** YOUR OBJECTIVE **
One number should be the full reply: how many lines of the material below contain "Shoes".

=== Begin Enclosure ===

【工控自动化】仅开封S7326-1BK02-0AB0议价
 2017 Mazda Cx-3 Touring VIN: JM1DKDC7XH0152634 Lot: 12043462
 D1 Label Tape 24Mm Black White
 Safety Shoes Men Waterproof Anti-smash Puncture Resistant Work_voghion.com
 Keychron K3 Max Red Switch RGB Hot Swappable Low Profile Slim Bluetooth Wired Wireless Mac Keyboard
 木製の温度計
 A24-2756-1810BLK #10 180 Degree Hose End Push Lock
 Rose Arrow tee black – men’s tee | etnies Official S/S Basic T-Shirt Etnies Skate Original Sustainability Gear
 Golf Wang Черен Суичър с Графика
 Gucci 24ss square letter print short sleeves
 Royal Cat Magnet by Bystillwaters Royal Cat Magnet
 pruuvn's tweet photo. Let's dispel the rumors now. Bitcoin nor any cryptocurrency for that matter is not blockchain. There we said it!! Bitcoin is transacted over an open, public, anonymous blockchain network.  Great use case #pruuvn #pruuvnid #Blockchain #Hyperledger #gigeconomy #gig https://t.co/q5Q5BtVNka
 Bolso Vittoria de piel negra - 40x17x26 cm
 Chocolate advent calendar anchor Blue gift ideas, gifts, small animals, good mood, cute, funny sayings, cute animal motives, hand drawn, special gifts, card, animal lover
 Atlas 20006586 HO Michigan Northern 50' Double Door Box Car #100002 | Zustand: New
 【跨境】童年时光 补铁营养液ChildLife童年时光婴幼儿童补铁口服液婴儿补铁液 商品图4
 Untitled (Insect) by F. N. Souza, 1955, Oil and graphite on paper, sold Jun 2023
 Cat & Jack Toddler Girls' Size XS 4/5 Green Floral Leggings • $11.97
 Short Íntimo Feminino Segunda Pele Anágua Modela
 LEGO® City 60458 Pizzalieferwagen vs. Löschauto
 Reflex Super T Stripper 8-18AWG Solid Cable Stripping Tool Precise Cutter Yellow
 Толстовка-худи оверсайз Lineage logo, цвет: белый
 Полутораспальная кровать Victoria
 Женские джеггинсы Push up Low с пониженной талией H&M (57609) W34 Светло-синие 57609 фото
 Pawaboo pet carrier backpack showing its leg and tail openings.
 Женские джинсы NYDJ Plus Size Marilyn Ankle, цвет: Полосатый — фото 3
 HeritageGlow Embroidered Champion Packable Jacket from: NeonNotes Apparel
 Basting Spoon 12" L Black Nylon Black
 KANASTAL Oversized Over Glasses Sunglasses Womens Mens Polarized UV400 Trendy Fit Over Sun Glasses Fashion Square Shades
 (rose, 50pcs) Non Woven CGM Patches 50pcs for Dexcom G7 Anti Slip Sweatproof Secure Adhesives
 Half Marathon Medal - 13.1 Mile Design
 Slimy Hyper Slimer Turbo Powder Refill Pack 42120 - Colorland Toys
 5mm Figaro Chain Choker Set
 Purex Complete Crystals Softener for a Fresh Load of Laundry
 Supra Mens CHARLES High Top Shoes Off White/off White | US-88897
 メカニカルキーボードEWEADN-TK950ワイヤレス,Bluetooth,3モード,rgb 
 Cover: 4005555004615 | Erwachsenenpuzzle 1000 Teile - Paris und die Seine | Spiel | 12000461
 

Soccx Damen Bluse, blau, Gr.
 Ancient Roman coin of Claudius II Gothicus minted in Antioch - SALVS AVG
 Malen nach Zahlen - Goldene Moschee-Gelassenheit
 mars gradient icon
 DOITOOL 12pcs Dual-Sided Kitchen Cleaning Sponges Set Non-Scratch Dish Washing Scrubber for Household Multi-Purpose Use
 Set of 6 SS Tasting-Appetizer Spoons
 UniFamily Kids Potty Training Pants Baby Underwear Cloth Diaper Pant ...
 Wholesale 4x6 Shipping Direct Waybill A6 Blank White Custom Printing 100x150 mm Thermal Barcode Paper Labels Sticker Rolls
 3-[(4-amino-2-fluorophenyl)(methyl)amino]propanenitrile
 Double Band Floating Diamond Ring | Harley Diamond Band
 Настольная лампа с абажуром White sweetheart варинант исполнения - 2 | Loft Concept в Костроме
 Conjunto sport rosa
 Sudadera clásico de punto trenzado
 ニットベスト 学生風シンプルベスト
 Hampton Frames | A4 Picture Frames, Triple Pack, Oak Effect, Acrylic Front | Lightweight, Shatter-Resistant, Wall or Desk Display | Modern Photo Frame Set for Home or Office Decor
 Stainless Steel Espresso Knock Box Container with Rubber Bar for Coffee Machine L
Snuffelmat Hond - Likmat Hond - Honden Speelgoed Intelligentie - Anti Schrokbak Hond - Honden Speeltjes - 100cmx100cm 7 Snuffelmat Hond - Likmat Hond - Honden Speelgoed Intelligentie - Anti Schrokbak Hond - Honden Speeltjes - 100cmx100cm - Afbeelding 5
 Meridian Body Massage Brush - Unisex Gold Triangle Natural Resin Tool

=== End Enclosure ===

** RESPONSE AREA **
2